"""

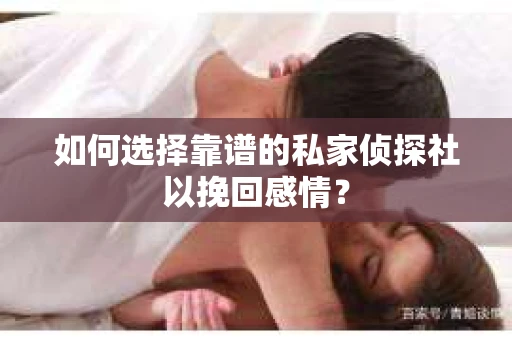 如何选择靠谱的私家侦探社以挽回感情? 如何选择靠谱的私家侦探社以挽回感情?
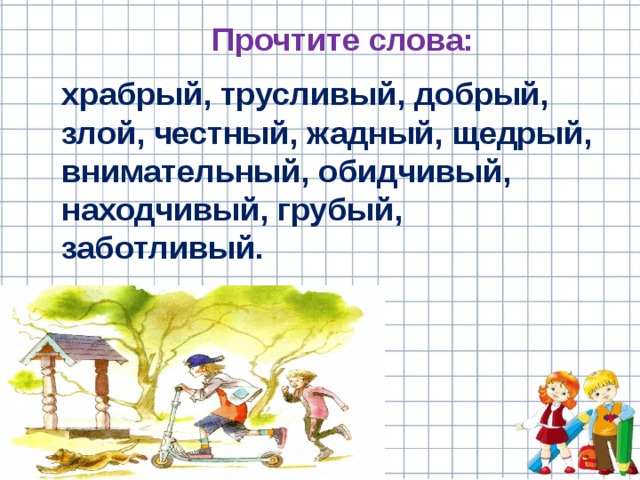 Прочтите слова: храбрый, трусливый, добрый, злой, честный, жадный, щедрый, внимательный, обидчивый, находчивый, грубый, заботливый. 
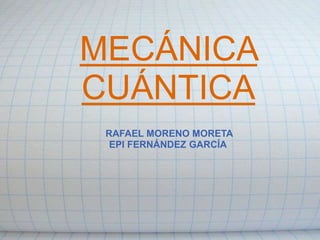 MECÁNICA
CUÁNTICA
RAFAEL MORENO MORETA
EPI FERNÁNDEZ GARCÍA
 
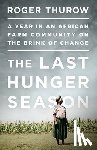 Roger Thurow - The Last Hunger Season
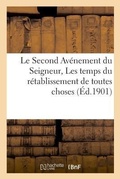 Cover: Le Second Av?nement Du Seigneur, Les Temps Du R?tablissement de Toutes Choses - Hachette Livre - Bnf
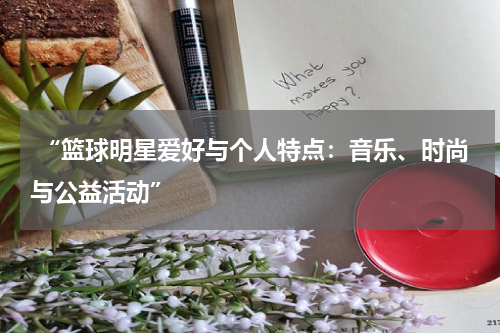  “篮球明星爱好与个人特点：音乐、时尚与公益活动”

"""

• **Your objective**
Each record above should be restated word for word. The pictures should not appear.

• **The completed task**
 如何选择靠谱的私家侦探社以挽回感情? 如何选择靠谱的私家侦探社以挽回感情?
 Прочтите слова: храбрый, трусливый, добрый, злой, честный, жадный, щедрый, внимательный, обидчивый, находчивый, грубый, заботливый. 
 MECÁNICA
CUÁNTICA
RAFAEL MORENO MORETA
EPI FERNÁNDEZ GARCÍA
 
 Roger Thurow - The Last Hunger Season
 Cover: Le Second Av?nement Du Seigneur, Les Temps Du R?tablissement de Toutes Choses - Hachette Livre - Bnf
  “篮球明星爱好与个人特点：音乐、时尚与公益活动”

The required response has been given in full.